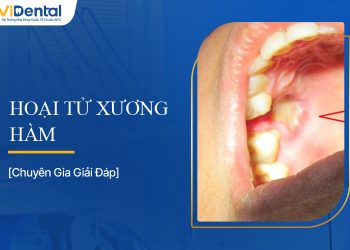 Hoại Tử Xương Hàm: Triệu Chứng, Nguyên Nhân, Cách Chữa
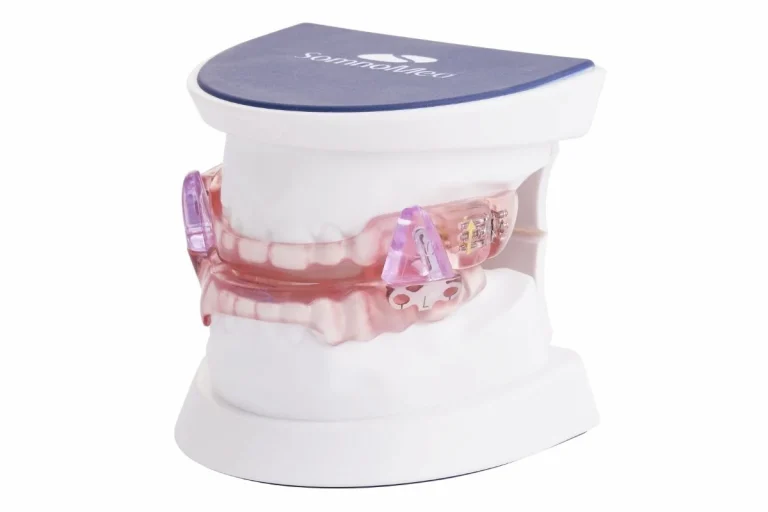 SomnoDent-Fusion-with-typodont-angle-product-image.jpg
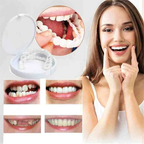 Snap-On Denture | Adjustable Fit | Natural-Looking Smile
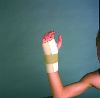 PREFERRED 1ST WRIST SUPPORT
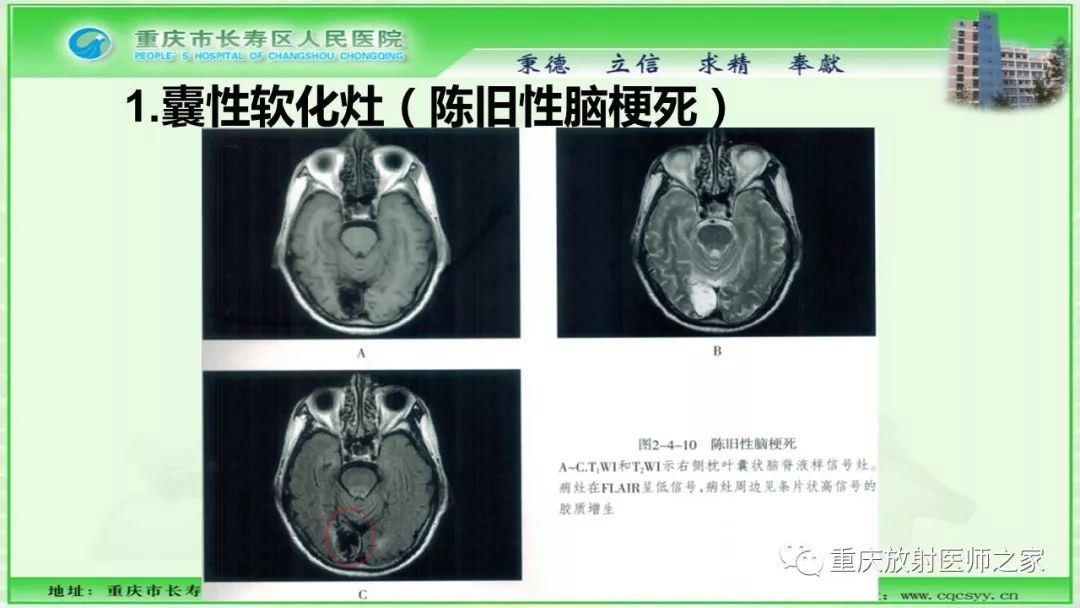 影像PPT - 【PPT】脑实质内囊性病变的MR诊断-56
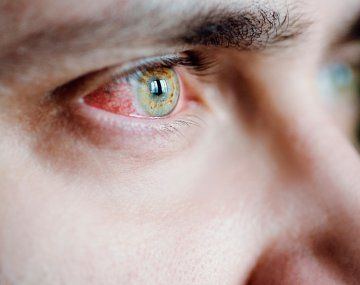 Cómo saber si tuviste Covid-19 y no te diste cuenta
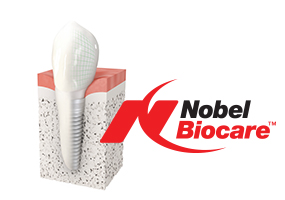 nobel biocare bangkok dental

--------------------------------------------------

_What to do_:
Pictures stay out; repeat all the rest of the records exactly.

_Solution to the exercise_:
 Hoại Tử Xương Hàm: Triệu Chứng, Nguyên Nhân, Cách Chữa
 SomnoDent-Fusion-with-typodont-angle-product-image.jpg
 Snap-On Denture | Adjustable Fit | Natural-Looking Smile
 PREFERRED 1ST WRIST SUPPORT
 影像PPT - 【PPT】脑实质内囊性病变的MR诊断-56
 Cómo saber si tuviste Covid-19 y no te diste cuenta
 nobel biocare bangkok dental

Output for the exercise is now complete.